During my internship at Georgia Tech Research Institute in their CIPHER lab, I was part of the team that placed second and won $10,000 for Track 1 at HackTheMachine 2021.
The challenge involved hacking a model of a ship that included a full bridge navigation suite and a fly-by-wire propulsion system, to accomplish arbitrary tasks like spoofing the ship’s location or taking control of the rudder.
There’s a cool walkthrough of the testbed on Youtube that shows what we worked with.
NMEA 2000
The ship replica had a central CAN bus backbone that carried commands to their components. The specific protocol to interface with the tools is NMEA 2000. I’d never heard of this protocol before the competition, but diving into it was pretty cool.
Like many “secure” protocols in operational technology, it’s proprietary:
Although the National Marine Electronics Association divulges some information regarding the standard, it claims copyright over the standard and thus its full contents are not publicly available. For example, the NMEA publicizes which messages exist and which fields they contain, but they do not disclose how to interpret the values contained in those fields.
Interestingly, the NMEA 2000 protocol is totally unauthenticated and operates on an implicit trust model - the bus carrying the commands is assumed to be secure. Given physical access, you can inject arbitrary commands, which we leveraged for the challenges.

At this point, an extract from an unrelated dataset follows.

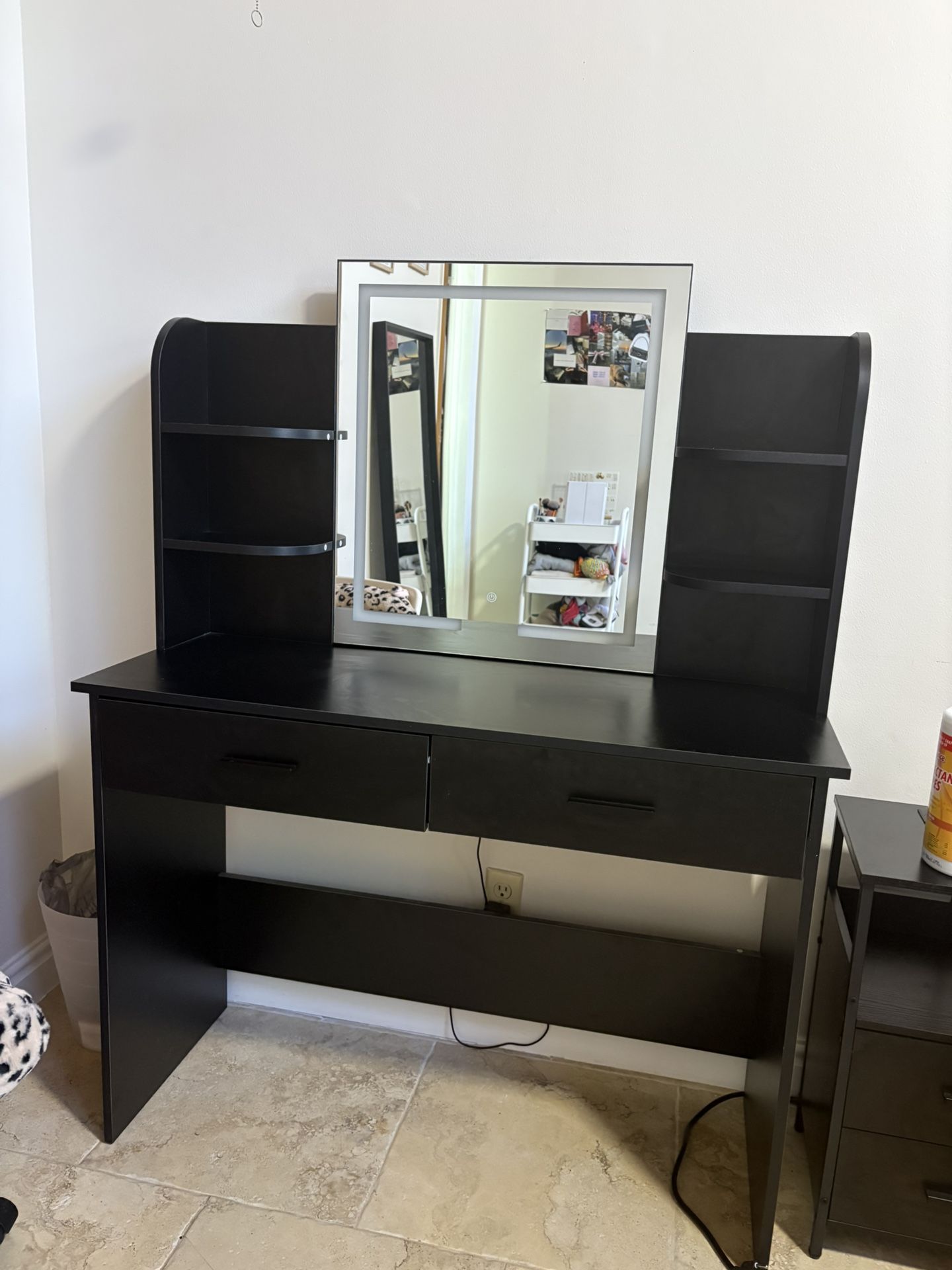 Black Makeup Vanity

CANBOAT is a repo with a collection of reverse engineered NMEA 2000 messages. It was a super helpful utility for understanding some of the offline challenges, and I was able to find PCAPs others had posted online to see what normal traffic looks like.
Live hacking
Our team scored enough points in the offline challenges to qualify for a short timeslot on the live testbed. As an intern, it was awesome to be trusted as the hands-on-keyboard operator during our official run.
I’d prepared a number of Python scripts to automate the various challenge tasks, by sending pre-crafted NMEA 2000 commands over a serial port to the testbed during our timeslot.

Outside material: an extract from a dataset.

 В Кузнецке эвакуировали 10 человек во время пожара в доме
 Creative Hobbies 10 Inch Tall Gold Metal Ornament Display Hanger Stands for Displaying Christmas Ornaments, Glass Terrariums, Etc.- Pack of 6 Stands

There’s often a gap between theory and practice– and since during our timeslot we were SSH’d into a laptop connected to the test bed, the serial port connection didn’t work as expected.
I spent a few minutes debugging, but ultimately pivoted to running the pre-prepared commands manually to make sure we didn’t waste too much time. The team helped out with making sure we were prioritizing the right tasks and getting things working correctly.
It was pretty cool to see the rudder start to move and GPS glitch as we got stuff working on the live stream. We managed to complete enough tasks to put us in 1st place, though we were eventually knocked down to 2nd once another team had their timeslot.
Takeaways
The competition was a blast, and I learned a lot about OT networks, boats, and got more practice decoding PCAPs. I also got to spend more time working with OT protocols during my internship at Censys, there’s a lot on the internet! The state of OT infrastructure security is pretty wild, but there’s a lot of work that’s being done to harden it.